Tartt talks a lot about what makes art meaningful. The same way she asks what a painting can mean to someone, she inspired me to ask what literature means to me. And so I think the best stories are born in time or out of it. The greats are either ruthlessly part and parcel of the era in which they were written (To Kill a Mockingbird, The Great Gatsby) or undated, belonging to everyone who came before they were written and everyone who comes after. The Goldfinch falls to the latter category: it’s absolutely timeless, about the questions we ask again and again, but never reductive.
How should we live our lives when they are meaningless and cruel, and random fate can strike us down at any moment?
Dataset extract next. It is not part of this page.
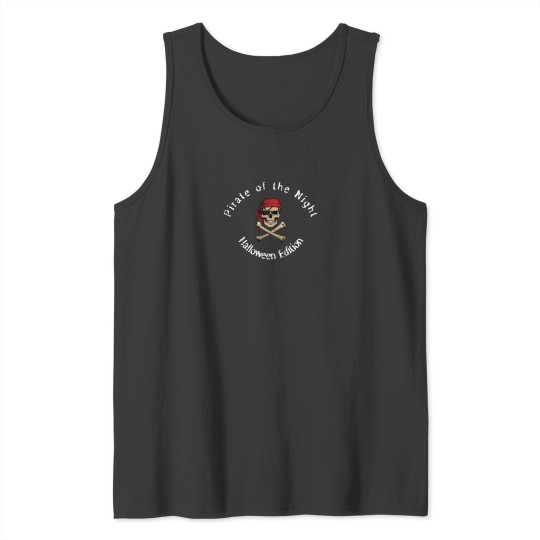 Discover Pirate of the Night, Halloween Edition Tank Tops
Once we’re old and battered enough to realize and accept this lack of meaning, what can we do? Go on quietly? Be destroyed by it? Or do we say screw it and decide to make our meaning?
For the bulk of the novel, these questions hum beneath the surface, omnipresent but addressed rarely and only with averted eyes. But at the masterful end, Tartt not only gives us a bloody action finale but pushes us toward answers that hovered there all along, in sight but out of reach. Theo’s ultimate ruminations are like a gospel, a message on how to live in an age where the old rules have been discovered as false, discarded but not yet replaced. I died a few deaths between these covers only to be saved every time by Theo, and behind him, Donna Tartt, a careful author, omnipotent in her awareness that her novel has no meaning beyond what she can try to say and her readers can try to grasp. Meaning is neither objective nor infinite. But it can endure for some time and it can find some people, and by it, these people will be momentarily, miraculously, saved. Sort of like I was, at 11pm last night, 750 pages deep, close to the end of The Goldfinch but not ready to close it.